If passed, this amendment would allow Parliament, on the rare occasion that it rejects regulations, to do so quite clearly on the record of the individual territory that the Government propose to sign an agreement with. That is right, proportionate and the sensible way to deal with this important part of public policy; no other agreement will be put at risk. It is good government, and I hope noble Lords will support the amendment if it is put to the vote.
My Lords, on previous occasions this House has spoken at length on the question of what constitutes appropriate parliamentary scrutiny, in the wider sense, in relation to the addition of any territory, and has just done so again on Amendment 2. I will now expand further in addressing Amendment 3, in the names of the noble Baroness, Lady Hamwee, and the noble and learned Lord, Lord Judge, which seeks to mandate that this be done by individual statutory instrument for each suggested country.
I was slightly dismayed to hear noble Lords talk about mutual extradition arrangements because, as I have clarified on several occasions, this has not, and never has been, about mutual extradition arrangements. We do not do this on behalf of other countries, and if, for example, we did it on behalf of Turkey, the courts would throw it out—even if the Government could get it through Parliament, the courts would throw it out.
When this issue was debated in Committee, it was pointed out that statutory instruments that seek to specify new territories are not amendable. Some feel that this may create a difficulty for this House if regulations were laid which sought to specify multiple countries. As I have said before, the process of potentially listing multiple countries already exists for adding territories to both parts of the Extradition Act 2003.
My Lords, I thank the noble Lords who engaged very constructively with the Bill, particularly the noble Lords, Lord Kennedy and Lord Paddick, the noble Baroness, Lady Hamwee, the noble and learned Lord, Lord Judge, and my noble and learned friend Lord Mackay of Clashfern.

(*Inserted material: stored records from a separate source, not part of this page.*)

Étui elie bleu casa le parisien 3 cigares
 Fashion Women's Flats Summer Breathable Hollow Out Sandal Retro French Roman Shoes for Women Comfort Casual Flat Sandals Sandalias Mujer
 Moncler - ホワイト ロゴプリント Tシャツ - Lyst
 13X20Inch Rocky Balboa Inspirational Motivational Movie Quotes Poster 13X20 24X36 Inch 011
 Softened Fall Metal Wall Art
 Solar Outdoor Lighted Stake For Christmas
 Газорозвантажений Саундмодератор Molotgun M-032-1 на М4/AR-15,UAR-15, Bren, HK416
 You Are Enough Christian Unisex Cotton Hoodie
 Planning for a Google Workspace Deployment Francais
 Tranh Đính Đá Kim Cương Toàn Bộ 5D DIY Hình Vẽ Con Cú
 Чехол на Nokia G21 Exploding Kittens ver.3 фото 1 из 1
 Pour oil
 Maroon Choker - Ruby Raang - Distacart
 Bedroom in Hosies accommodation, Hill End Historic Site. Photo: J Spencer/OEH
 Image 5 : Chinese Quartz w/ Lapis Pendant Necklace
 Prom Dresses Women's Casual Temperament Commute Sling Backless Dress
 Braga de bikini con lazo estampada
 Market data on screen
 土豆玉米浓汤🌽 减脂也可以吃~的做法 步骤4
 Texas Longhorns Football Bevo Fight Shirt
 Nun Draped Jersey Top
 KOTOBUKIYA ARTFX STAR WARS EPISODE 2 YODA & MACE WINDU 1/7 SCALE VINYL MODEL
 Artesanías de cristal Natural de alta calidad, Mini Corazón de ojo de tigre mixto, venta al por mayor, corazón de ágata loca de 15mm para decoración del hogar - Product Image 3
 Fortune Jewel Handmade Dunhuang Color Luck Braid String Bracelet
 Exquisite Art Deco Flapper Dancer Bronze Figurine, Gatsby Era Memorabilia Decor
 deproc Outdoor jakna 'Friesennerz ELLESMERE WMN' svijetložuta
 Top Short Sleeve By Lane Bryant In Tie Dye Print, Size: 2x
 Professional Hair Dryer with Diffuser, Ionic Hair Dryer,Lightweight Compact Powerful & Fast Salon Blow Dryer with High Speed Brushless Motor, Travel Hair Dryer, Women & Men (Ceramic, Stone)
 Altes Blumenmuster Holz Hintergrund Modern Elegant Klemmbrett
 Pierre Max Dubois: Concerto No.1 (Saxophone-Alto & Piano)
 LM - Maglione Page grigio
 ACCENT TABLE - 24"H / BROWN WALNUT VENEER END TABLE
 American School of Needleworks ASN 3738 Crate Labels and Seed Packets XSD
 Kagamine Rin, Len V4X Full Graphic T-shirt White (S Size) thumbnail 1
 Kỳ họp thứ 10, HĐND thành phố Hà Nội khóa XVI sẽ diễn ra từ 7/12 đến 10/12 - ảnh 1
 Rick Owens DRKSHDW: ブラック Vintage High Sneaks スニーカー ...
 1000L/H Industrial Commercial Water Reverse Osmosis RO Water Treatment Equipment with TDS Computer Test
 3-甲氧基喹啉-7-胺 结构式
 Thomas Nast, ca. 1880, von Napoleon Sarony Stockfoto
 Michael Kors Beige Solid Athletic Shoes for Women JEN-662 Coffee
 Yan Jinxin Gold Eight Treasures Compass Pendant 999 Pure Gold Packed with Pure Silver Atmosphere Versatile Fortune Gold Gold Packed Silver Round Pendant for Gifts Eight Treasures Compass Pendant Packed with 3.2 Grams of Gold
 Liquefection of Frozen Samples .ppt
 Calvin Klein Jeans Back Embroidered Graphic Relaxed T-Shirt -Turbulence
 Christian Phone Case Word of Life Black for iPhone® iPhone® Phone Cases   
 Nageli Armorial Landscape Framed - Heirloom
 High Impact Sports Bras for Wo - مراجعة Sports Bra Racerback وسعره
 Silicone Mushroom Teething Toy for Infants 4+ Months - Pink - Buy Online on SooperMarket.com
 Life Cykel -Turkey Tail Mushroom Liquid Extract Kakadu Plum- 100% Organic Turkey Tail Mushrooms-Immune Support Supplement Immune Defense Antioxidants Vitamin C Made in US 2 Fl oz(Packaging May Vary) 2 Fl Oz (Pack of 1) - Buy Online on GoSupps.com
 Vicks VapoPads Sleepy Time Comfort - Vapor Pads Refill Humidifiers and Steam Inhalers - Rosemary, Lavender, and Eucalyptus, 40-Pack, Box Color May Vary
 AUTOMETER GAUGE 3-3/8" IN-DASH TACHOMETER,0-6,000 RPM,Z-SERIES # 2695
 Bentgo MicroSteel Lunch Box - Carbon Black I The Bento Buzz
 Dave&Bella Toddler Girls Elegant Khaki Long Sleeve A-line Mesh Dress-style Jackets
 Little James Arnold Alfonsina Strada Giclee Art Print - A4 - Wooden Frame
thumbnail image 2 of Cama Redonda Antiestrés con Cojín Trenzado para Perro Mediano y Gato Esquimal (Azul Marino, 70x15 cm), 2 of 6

The Chief Whip’s beeper is going so I think he wants me to keep my comments short.
Extradition is not an easy subject, but this has been most interesting legislation, with very well-drafted and thoughtful amendments. Everyone will benefit from the work done on this. I particularly thank officials from the Home Office, who have supported me so brilliantly throughout. I beg to move.
My Lords, I echo the noble Baroness’s comments. I thank all noble Lords who have taken part in the proceedings on the Bill. I enjoyed working with everybody concerned. I think that we have made the Bill better. As always, the noble Baroness has been courteous and kind and always prepared to engage with me constructively. I also thank all her officials from the Home Office for the way they have worked with me during the Bill’s passage.
My Lords, I too thank everyone who has been involved with the Bill. As the noble Baroness, Lady Williams, said, it is not an easy subject, although some of the amendments that we have had to consider have in fact been relatively straightforward. I suspect we will discuss extradition quite a lot over the next few months and years, so we will all get to know the subject even better. I congratulate her on seeing this through. I really appreciate the help of officials and staff. Who thought, when we started on the passage of the Bill, that we would have had such an extraordinary experience?